> WHAT TO WORK ON: Below is a listing. Quote from it, exactly, the lines from the one containing "ITALY Wartime Issue" down to the one containing "Set dulap TV, 6", both ends included, and nothing else.

> GIVEN DATA:
------------------------

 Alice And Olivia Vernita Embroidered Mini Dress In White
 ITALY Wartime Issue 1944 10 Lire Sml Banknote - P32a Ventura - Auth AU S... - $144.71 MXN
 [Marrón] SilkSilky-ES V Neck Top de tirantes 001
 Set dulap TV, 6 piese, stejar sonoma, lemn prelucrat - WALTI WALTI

------------------------

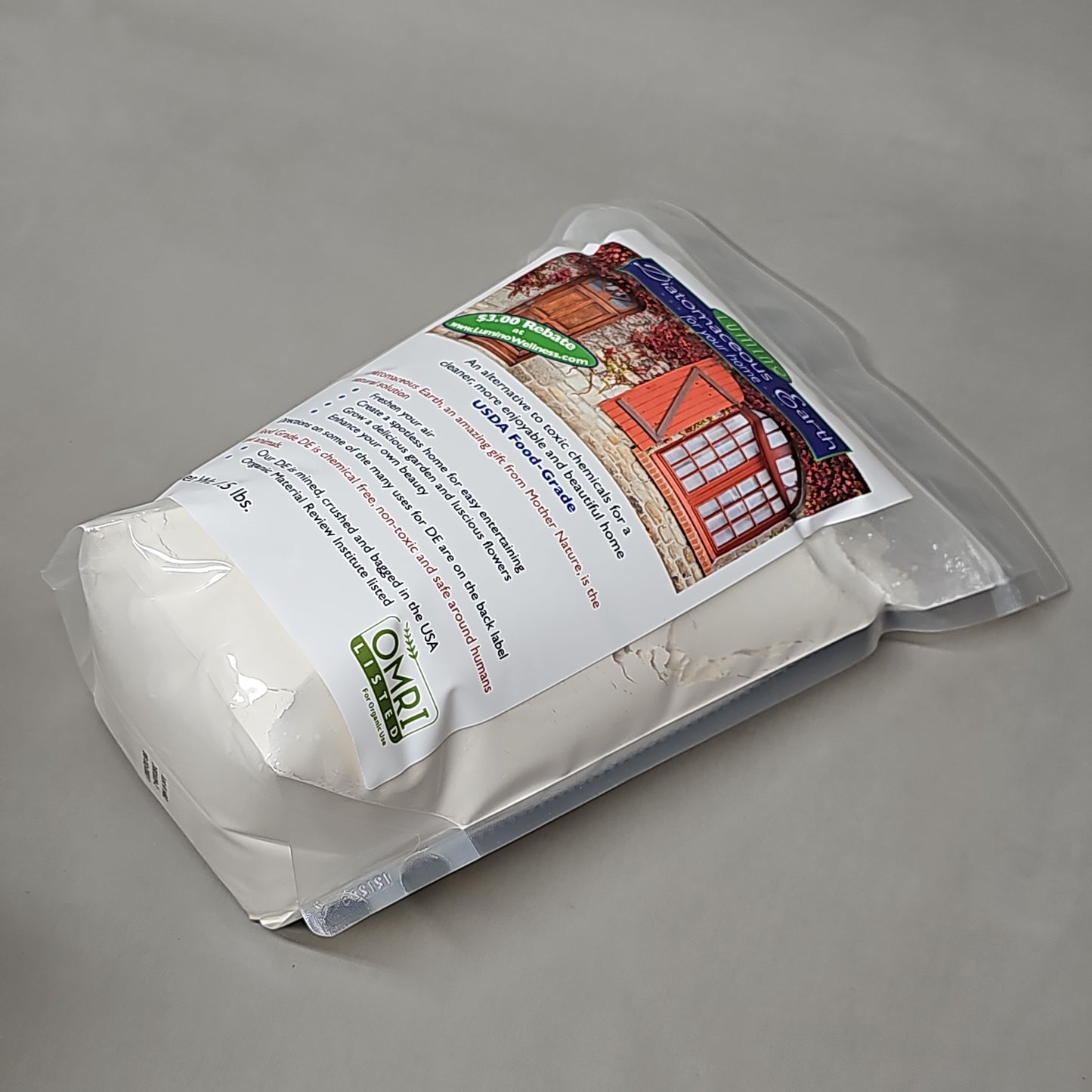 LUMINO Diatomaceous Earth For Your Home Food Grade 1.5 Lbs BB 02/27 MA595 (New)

------------------------

> EXERCISE RESULT:
 ITALY Wartime Issue 1944 10 Lire Sml Banknote - P32a Ventura - Auth AU S... - $144.71 MXN
 [Marrón] SilkSilky-ES V Neck Top de tirantes 001
 Set dulap TV, 6 piese, stejar sonoma, lemn prelucrat - WALTI WALTI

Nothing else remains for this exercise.